The relative volume of light phase is related to pressure, under different pressures, the relative volume of light phase changes in the same trend with the concentration of carbon dioxide (Fig. 7). The mass transfer between the phases occurs because of the following mechanisms: At the carbon dioxide concentration in the mixture of 26% to 42%, the CO2 in the heavy oil has significant expansion effect but little extraction effect; at the carbon dioxide concentration in the mixture of 42% to 75%, the CO2 expansion in the heavy oil isn’t signi-ficant any more while its extraction strengthens. In the pressure range from 10 to 25 MPa and at carbon dioxide concentration of 42% in the mixture, the swelling of light phase dominates. Under high pressure, compressibility of the light phase is higher than compressibility of pure carbon dioxide, so the relative volume falls below 1 (Figs. 5 and 7).

Fig. 7.   Dependence of the ratio of light phase volume to the carbon dioxide volume on its concentration.

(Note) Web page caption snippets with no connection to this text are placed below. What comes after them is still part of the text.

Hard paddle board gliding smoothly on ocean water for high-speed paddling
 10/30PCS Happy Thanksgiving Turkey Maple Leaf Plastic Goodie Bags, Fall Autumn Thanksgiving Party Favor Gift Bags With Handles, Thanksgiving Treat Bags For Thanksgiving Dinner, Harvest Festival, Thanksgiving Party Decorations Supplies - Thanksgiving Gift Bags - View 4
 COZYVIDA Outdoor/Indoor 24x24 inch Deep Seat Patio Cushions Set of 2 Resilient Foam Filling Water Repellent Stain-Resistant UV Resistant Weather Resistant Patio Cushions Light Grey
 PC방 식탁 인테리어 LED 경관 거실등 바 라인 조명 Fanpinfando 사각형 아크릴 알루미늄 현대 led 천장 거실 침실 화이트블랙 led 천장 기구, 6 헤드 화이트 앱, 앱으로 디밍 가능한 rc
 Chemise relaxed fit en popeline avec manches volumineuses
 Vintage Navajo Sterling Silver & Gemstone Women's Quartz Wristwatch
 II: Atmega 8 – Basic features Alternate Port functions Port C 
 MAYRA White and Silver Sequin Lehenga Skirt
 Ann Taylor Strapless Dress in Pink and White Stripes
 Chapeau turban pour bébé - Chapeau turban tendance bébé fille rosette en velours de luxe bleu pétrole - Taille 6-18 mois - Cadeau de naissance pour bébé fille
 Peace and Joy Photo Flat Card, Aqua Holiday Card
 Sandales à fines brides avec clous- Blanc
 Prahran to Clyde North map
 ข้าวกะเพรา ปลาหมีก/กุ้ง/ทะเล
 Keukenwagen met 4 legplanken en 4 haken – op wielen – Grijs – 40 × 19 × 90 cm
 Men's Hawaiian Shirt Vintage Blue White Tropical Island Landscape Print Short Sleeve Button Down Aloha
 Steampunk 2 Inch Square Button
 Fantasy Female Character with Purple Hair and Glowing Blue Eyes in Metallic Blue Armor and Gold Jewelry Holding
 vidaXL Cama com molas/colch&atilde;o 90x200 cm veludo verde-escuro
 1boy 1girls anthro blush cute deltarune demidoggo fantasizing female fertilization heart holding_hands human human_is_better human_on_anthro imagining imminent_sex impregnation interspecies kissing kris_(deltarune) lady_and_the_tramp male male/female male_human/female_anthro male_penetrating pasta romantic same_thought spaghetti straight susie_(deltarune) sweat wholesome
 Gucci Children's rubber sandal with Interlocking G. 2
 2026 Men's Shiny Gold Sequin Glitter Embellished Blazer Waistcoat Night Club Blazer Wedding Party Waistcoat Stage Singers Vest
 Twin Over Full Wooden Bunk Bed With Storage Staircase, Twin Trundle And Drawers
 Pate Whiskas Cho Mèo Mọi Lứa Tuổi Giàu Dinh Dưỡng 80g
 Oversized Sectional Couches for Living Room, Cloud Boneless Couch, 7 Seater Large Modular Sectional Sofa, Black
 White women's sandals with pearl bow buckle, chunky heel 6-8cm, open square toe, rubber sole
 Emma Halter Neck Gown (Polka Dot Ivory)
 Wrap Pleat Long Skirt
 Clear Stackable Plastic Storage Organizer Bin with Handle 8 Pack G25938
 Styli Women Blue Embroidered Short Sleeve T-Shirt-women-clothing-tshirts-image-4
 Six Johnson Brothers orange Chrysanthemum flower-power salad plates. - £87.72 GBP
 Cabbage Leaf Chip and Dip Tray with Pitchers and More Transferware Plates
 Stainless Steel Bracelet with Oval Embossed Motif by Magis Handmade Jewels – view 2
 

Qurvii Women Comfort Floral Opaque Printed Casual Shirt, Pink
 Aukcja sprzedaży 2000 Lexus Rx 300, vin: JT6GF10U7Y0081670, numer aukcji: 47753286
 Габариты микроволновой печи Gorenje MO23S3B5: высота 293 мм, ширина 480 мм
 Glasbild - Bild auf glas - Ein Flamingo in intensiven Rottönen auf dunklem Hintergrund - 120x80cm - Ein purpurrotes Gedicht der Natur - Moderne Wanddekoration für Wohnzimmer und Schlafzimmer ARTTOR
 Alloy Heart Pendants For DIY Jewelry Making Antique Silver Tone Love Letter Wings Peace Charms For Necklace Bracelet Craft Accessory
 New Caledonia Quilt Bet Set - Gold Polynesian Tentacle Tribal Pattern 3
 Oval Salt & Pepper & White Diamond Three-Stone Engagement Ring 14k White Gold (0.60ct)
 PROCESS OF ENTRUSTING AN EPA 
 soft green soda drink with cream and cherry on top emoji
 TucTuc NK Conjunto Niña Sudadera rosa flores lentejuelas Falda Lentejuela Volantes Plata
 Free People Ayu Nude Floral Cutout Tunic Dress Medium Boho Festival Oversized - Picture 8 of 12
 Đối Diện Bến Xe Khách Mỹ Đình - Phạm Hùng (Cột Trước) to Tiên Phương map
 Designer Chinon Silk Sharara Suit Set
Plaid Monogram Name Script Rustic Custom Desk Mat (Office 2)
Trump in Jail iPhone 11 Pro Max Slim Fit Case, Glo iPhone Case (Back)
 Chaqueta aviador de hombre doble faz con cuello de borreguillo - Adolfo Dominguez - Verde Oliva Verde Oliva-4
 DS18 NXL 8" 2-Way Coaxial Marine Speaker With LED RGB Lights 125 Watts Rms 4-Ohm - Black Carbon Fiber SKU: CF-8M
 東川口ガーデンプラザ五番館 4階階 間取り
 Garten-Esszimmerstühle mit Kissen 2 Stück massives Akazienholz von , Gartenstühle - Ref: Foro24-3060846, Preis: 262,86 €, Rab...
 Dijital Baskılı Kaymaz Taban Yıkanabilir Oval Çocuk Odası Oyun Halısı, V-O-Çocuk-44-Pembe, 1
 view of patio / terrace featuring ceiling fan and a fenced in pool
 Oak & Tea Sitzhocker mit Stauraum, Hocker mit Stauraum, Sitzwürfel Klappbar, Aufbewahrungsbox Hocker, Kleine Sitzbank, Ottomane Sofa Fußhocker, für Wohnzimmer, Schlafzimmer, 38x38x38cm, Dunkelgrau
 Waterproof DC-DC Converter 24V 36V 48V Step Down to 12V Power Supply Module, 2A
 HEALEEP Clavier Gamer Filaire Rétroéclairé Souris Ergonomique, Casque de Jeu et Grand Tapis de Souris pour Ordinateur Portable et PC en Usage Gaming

The pressure at the inflection of the PV isotherm is the bubble point pressure (Fig. 8). It can be seen from Fig. 8, as carbon dioxide concentration in the mixture increases, the bubble-point pressure of the heavy phase increases, showing the typical feature of volatile oil with high gas content. In the two-phase region, the bubble-point pressure stabilizes at 7.24 MPa for the light phase and at 7.23 MPa for the heavy phase.

Fig. 8.   PV-isotherms of the mixtures.


The isothermal compressibility curves of the phases under the pressure range from 7.23 MPa to 35 MPa, CO2 concentration from 10% to 26% and reservoir temperature are shown in Fig. 9. The compressibility curves show under the pressure of 7.23 MPa to 35 MPa, the carbon dioxide concentration from 10% to 26% in the mixture and reservoir temperature, more compressible carbon dioxide dissolves in oil while little oil components is extracted into the light phase. Subsequent decrease in heavy phase compressibility is related to extraction of lightest oil components into the light phase. At CO2 concentration of 75%, compressibility of the heavy phase increases sharply due to a slight increase of carbon dioxide solubility in oil (which is consistent with chromatography data).

Fig. 9.   Compressibility coefficient curve within the pressure range from 7.23 to 35.00 MPa at the reservoir temperature.


Compressibility of the light phase at carbon dioxide concentration of 26% in the mixture is higher than compressibility of pure carbon dioxide and reservoir oil. This is because a lot of light oil components is extracted while little heavy components is extracted into the light phase. Reduction of the light phase compressibility below the compressibility of reservoir oil (at the carbon dioxide concentration from 58% to 75% in the mixture) indicates less compressible heavy oil components are extracted into the light phase as carbon dioxide concentration in the mixture increases.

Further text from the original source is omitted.